Your instructions => Word for word, set down the lines from the one that contains "Image 2 : AMETHYST" through the final line of the data; no pictures belong in the copy.

[Stored data]
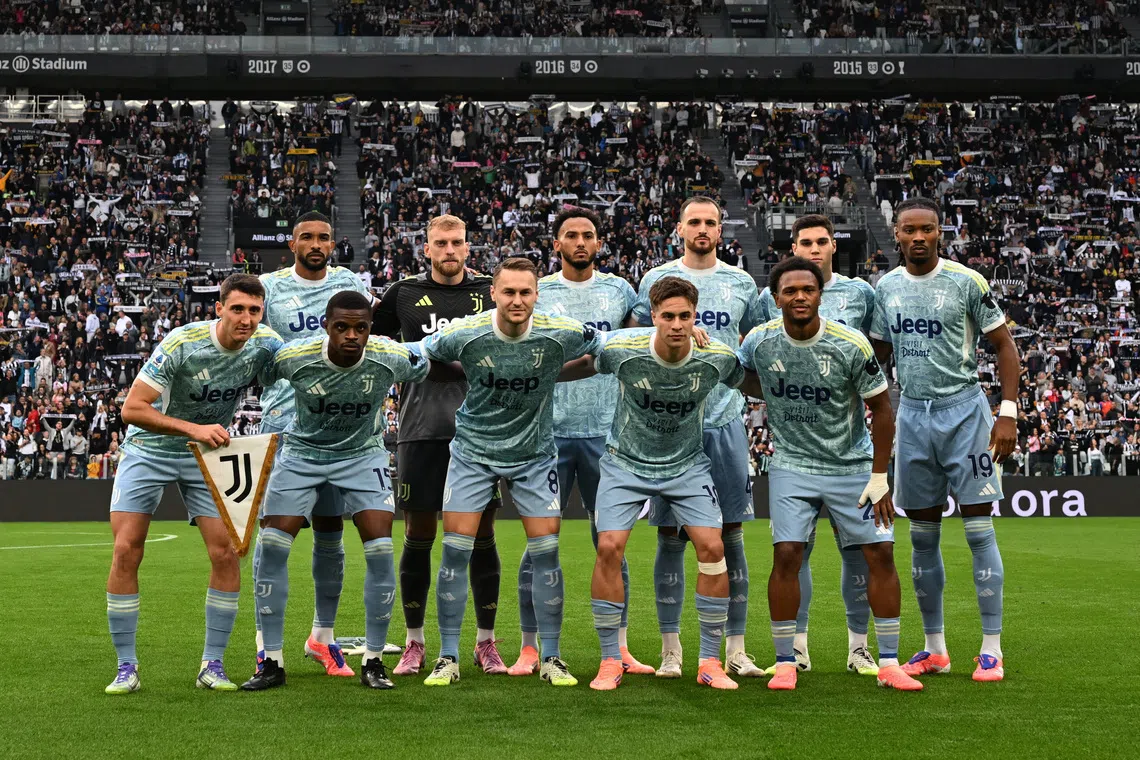 Soccer Football - Serie A -  Juventus v Atalanta - Allianz Stadium, Turin, Italy - September 27, 2025 Juventus players pose for a team group photo before the match. REUTERS/Jennifer Lorenzini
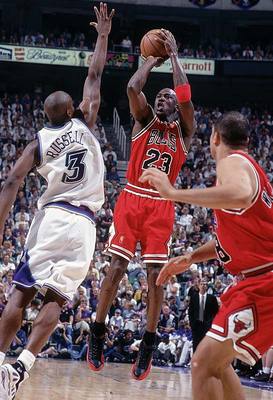 michael_jordan_1997_display_image.jpg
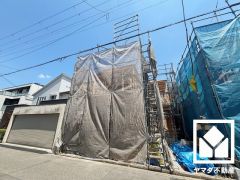 全居室収納付き。階段下収納や玄関収納など他にも収納スペースが多数あり、住空間を広々お使いいただけます。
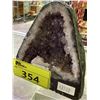 Image 2 : AMETHYST GEODE APPROX 7X6-1/2X4-1/2"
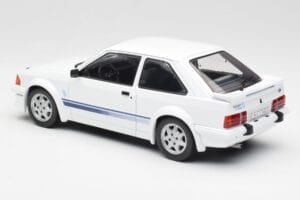 Ford Escort RS Turbo Balts MCG 1:18 MCG18419 Metāls — attēls 5 no 6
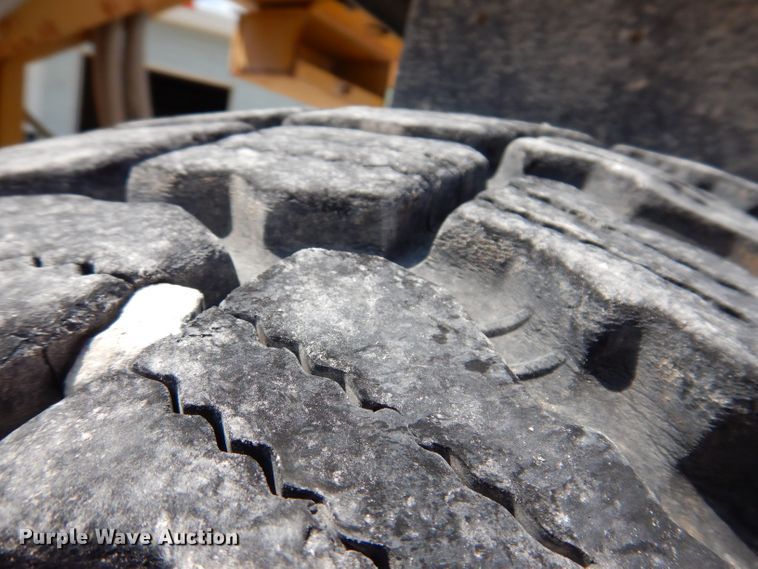 image for item DK2033 2005 Caterpillar 140H  motor grader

Task result =>
 Image 2 : AMETHYST GEODE APPROX 7X6-1/2X4-1/2"
 Ford Escort RS Turbo Balts MCG 1:18 MCG18419 Metāls — attēls 5 no 6
 image for item DK2033 2005 Caterpillar 140H  motor grader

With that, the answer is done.